I do have a dataset consisting of surnames, years and values y. My aim is to analyze whether the value y is dependent on the corresponding value y of the previous generation. Unfortunately, I do not have a value y for each surname in each generation.
As an example dataset, you can take the following:
set.seed(700)
df_1 <- data.frame(year = c(1700, 1700, 1700, 1700, 1730, 1730, 1730, 1730, 1760, 1760, 1760, 1760, 1790, 1790, 1790, 1790, 1820, 1820, 1820, 1820), generation = c(1, 1, 1, 1, 2, 2, 2, 2, 3, 3, 3, 3, 4, 4, 4, 4, 5, 5, 5, 5), surname = c("Miller", "NA", "Smith", "Garcia", "Miller", "Jordan", "Smith", "Garcia", "Miller", "Jordan", "NA", "Garcia", "Miller", "Jordan", "Smith", "NA", "NA", "Jordan", "Smith", "Garcia"), y=runif(20))

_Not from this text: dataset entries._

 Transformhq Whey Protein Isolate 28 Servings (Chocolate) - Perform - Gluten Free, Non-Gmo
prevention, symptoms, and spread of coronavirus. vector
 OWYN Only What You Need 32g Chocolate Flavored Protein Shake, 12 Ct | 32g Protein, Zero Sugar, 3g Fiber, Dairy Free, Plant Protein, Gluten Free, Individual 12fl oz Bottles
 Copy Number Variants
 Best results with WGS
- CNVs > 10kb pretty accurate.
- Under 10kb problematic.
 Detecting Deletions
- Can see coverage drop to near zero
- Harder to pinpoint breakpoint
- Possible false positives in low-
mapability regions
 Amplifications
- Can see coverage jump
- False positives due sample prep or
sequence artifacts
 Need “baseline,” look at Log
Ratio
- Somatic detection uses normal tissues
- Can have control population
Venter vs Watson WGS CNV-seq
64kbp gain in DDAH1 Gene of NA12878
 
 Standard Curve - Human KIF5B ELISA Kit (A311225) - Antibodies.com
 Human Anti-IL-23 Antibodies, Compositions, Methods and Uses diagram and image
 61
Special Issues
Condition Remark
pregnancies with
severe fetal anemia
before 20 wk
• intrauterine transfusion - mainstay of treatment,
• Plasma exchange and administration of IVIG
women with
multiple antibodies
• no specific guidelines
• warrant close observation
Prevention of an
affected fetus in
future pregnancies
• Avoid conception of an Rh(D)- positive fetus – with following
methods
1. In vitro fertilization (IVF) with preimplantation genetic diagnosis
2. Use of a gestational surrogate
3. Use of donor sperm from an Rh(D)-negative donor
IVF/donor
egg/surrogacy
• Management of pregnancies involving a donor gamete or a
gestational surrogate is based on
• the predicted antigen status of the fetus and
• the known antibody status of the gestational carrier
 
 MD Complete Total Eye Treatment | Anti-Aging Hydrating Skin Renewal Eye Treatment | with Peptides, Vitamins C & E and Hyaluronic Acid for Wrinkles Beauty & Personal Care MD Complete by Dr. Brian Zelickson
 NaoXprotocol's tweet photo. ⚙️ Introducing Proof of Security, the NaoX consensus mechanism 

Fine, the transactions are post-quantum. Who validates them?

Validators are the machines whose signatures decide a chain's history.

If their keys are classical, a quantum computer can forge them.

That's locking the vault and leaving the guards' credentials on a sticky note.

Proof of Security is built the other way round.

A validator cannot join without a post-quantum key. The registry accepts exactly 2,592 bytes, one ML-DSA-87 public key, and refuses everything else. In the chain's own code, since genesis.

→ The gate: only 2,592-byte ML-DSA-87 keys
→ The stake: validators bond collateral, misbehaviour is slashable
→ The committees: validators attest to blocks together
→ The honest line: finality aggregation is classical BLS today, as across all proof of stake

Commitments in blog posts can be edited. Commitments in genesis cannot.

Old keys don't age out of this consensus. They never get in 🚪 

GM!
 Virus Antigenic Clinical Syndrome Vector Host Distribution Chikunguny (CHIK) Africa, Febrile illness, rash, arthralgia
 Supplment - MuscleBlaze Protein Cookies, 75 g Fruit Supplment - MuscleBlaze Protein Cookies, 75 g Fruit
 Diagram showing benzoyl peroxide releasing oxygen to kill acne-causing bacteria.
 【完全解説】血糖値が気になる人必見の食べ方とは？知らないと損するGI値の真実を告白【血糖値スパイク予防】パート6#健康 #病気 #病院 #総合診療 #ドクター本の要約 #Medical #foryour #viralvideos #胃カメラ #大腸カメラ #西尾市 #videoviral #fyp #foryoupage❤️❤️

I run the following regression:
fitted_models = df_1 %>% group_by(surname) %>% do(model = lm(y ~ lag(y, n=1, order_by = year), data = df_1))
Now, I have three related questions:
(1) How can I take into account non-group-specific effects (such as generation specific fixed-effects)?
(2) How should I treat the NA-values?
(3) Does that regression take into account all observations with the respective observation of the previous generation or only the comparison between the first and the second generation?